● Task
Lines from the one with "PS5 Dying Light" up to and including the one with "Thierry Henry in" are to be copied exactly from the records below, without their pictures.

● Input records
════════════════════
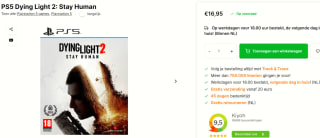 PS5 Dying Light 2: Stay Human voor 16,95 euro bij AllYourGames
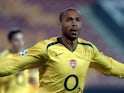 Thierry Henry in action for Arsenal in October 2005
════════════════════
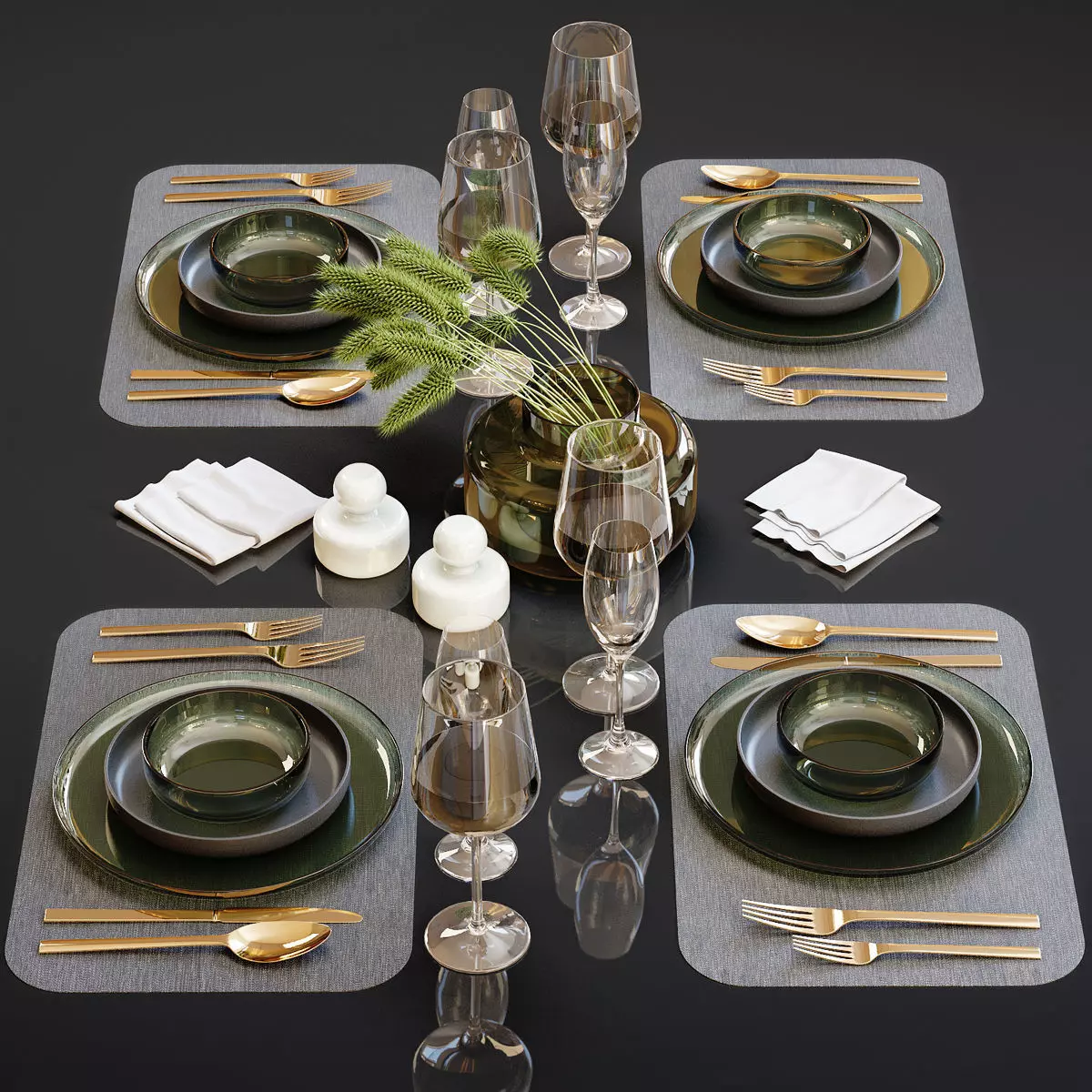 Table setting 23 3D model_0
════════════════════
● Task response
 PS5 Dying Light 2: Stay Human voor 16,95 euro bij AllYourGames
 Thierry Henry in action for Arsenal in October 2005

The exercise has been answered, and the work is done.